Tuesday, November 8, 2011

As usual, apologies for the lack of Blog action. The internet has been down for what seems like forever. So we will continue now (with fingers crossed) to tell you about a day last week. It was a normal November day but as we walked the Narrows Rich said he could smell it in the air that there was going to be a good bird. Vis mig was good, and we decided to open some nets at Nant while playing a Finch-Medley, to entice some Brambling down. I (Giselle) went up to Nant to start opening nets while Rich went to check the rail traps that we'd set on our morning census. I was stood at the Plantation contemplating the weather, when KABOOMA, in dropped a Red-breasted Flycatcher onto a branch less than a metre away! It was trilling like a wren, and fly-catching in front of my very eyes. The bird was trapped and ringed before spending the rest of the day in the same area. Three Willow Warblers, all looking rather acredula-like, were also on the Island.

This is the first island record since June 2007 when one appeared briefly in Plas Withy. Luckily, this bird was rather more confiding (or hungry), spending the afternoon feeding along the south edge of the Plantation. (c) Richard Brown.

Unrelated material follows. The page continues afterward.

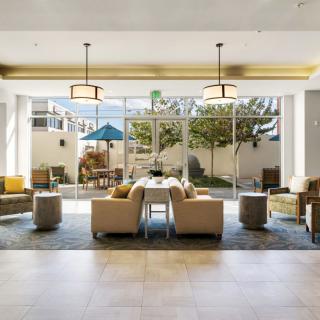A modern hotel lobby with comfortable seating and large windows allowing natural light.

The yellowish-buff wing-bar, formed by the tips to the greater coverts, and the buff tips to the tertials show this is a bird of the year. Adults have uniform grey-brown wing coverts. (c) Richard Brown

There have been approximately 73 previous records of Red-breasted Flycatcher on the island which have lingered for 116 'bird-days'. Two bird-days have been in May, 11 in June, 27 in September, 74 in October and two in November. The two previous November birds both occurred on the 2nd of the month, so this was the latest record for the Island. With such a late bird the possibility of Taiga Flycatcher was always going to be an option but unfortunately we quickly ruled this out based on the bird's warm underparts, pale lower mandible and upper tail covert colour (Taiga's are colder below, have dark bills and show jet black upper tail coverts which are blacker than the tail). (c) Richard Brown.